AP Calculus BC / Series / Question No. 9

9. Which of the following series converge?

\[ \sum_{n=1}^{\infty}\frac{1}{\sqrt n} \]

\[ \sum_{n=1}^{\infty}\frac{1}{n} \]

\[ \sum_{n=1}^{\infty}\frac{1}{2n+1} \]

\[ \sum_{n=1}^{\infty}\frac{1}{n^2+1} \]

Answer is: option4

\[ \sum_{n=1}^{\infty}\frac{1}{n^2+1} \]

Solution:

All of the series are continuous, decreasing, and positive valued.

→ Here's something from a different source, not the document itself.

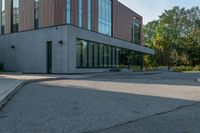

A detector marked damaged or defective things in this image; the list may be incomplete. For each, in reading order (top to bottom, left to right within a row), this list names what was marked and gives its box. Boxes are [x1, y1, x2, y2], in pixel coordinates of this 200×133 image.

crack in pavement [82, 101, 200, 132] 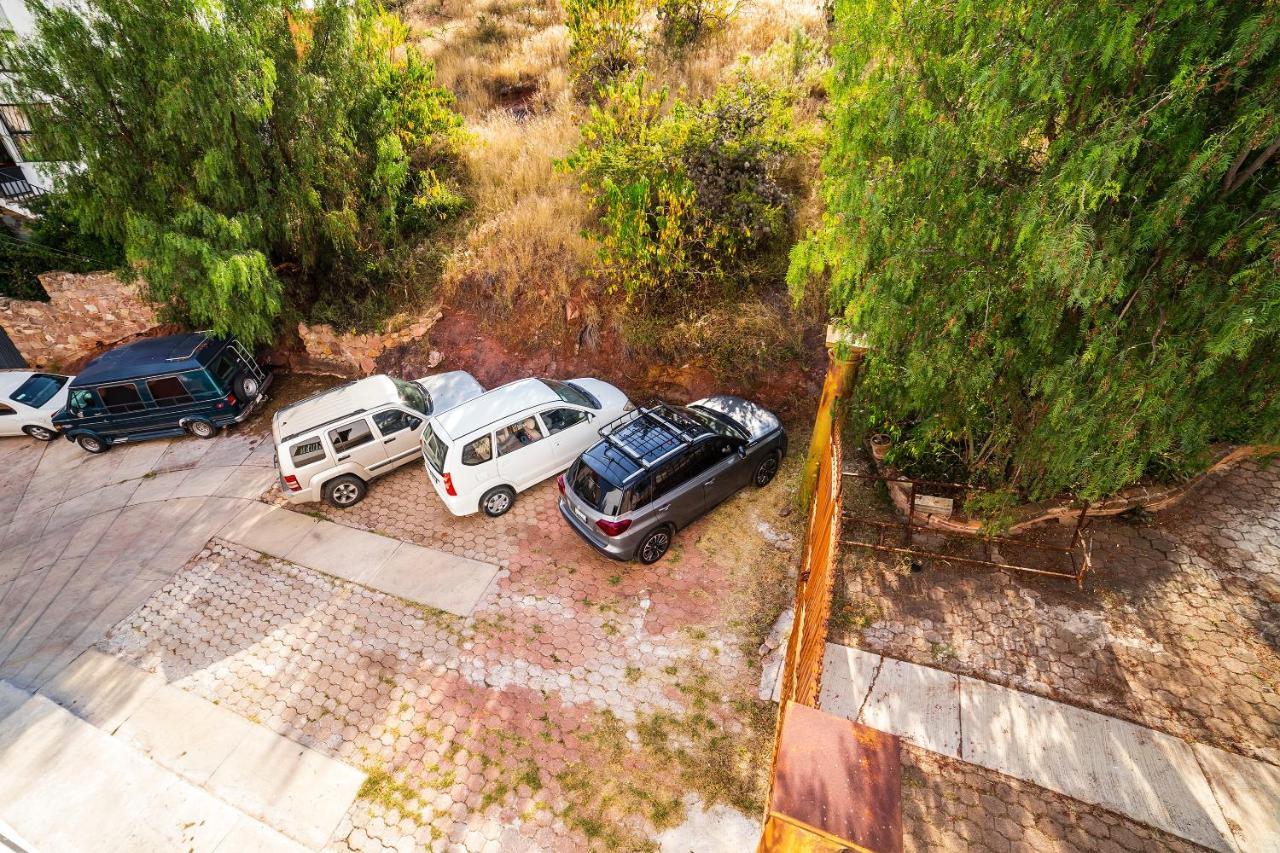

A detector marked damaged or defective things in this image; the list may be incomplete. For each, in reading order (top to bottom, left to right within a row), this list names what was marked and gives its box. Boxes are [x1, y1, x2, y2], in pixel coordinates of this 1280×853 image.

rusty metal sheet [762, 701, 906, 845]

(A) and (B) are divergent \(p\)-series with \(p \le 1\).

Using the integral test on (C), (D), and (E) we obtain:

\[ \int_{1}^{\infty}\frac{1}{2x+1}\,dx = \frac{1}{2}\ln(2x+1)\Big|_{1}^{\infty} = \infty \qquad \text{(C) is divergent} \]

\[ \int_{1}^{\infty}\frac{1}{x^2+1}\,dx = \arctan x\Big|_{1}^{\infty} = \frac{\pi}{4} \qquad \text{(D) is convergent} \]

\[ \int_{1}^{\infty}\frac{x}{x^2+1}\,dx = \frac{1}{2}\ln(x^2+1)\Big|_{1}^{\infty} = \infty \qquad \text{(E) is divergent} \]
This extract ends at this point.